------ SUPPLIED INFORMATION ------

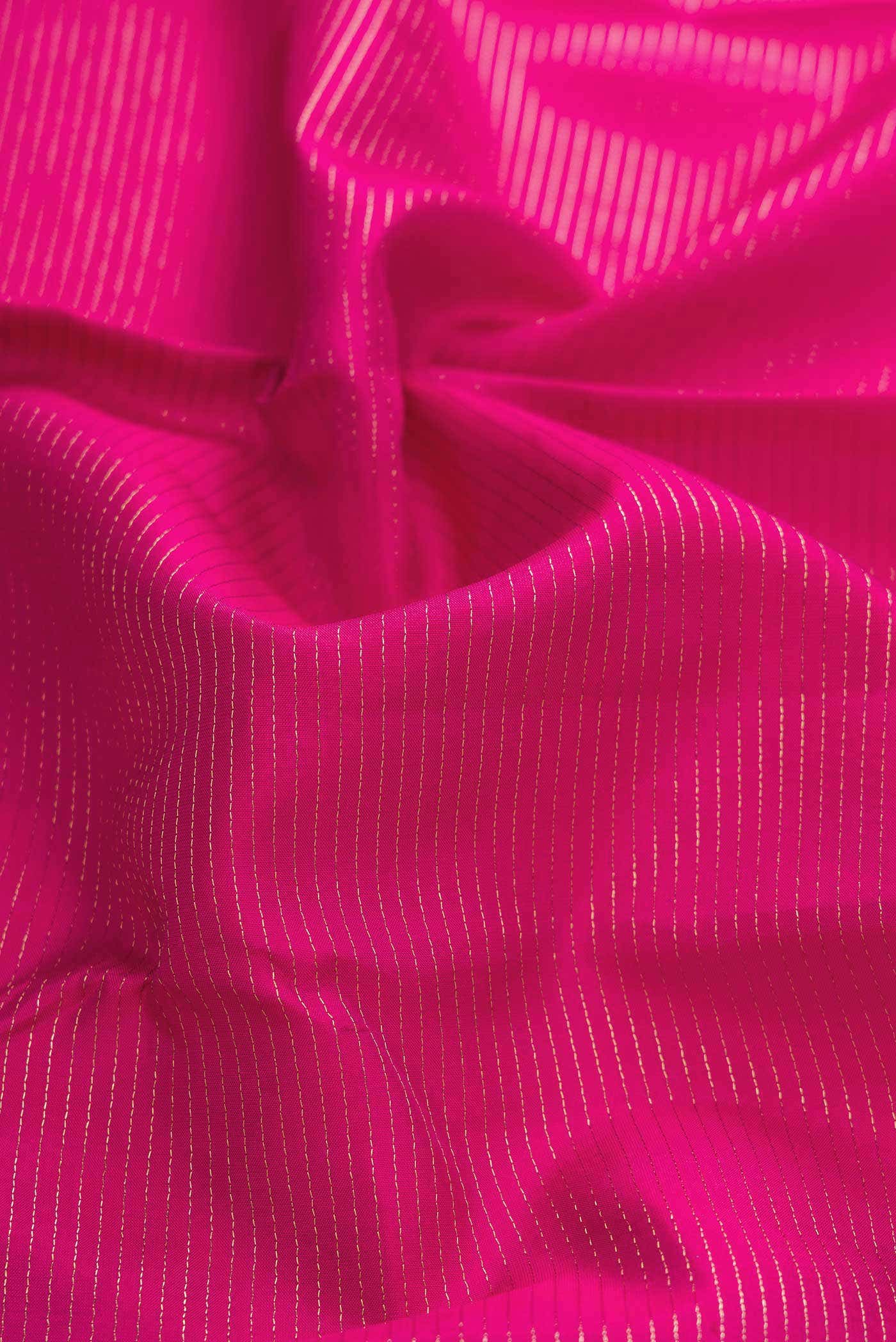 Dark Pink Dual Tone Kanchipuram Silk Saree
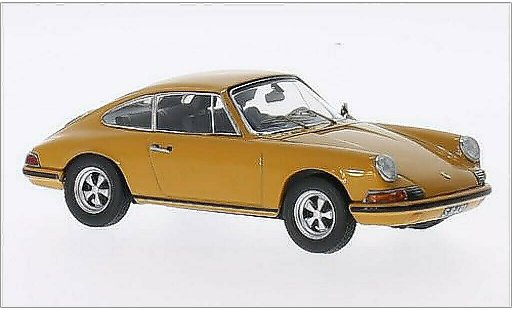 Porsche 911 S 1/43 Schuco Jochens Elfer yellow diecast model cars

------
------ SUPPLIED INFORMATION ------

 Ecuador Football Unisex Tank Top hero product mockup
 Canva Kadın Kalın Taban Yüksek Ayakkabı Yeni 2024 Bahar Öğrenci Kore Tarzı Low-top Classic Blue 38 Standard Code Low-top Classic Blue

------

__TASK DIRECTIONS__:
Please make an exact copy of the lines above from the line with "Ecuador Football Unisex" through the line with "Canva Kadın Kalın", both ends included.

__TASK RESULT__:
 Ecuador Football Unisex Tank Top hero product mockup
 Canva Kadın Kalın Taban Yüksek Ayakkabı Yeni 2024 Bahar Öğrenci Kore Tarzı Low-top Classic Blue 38 Standard Code Low-top Classic Blue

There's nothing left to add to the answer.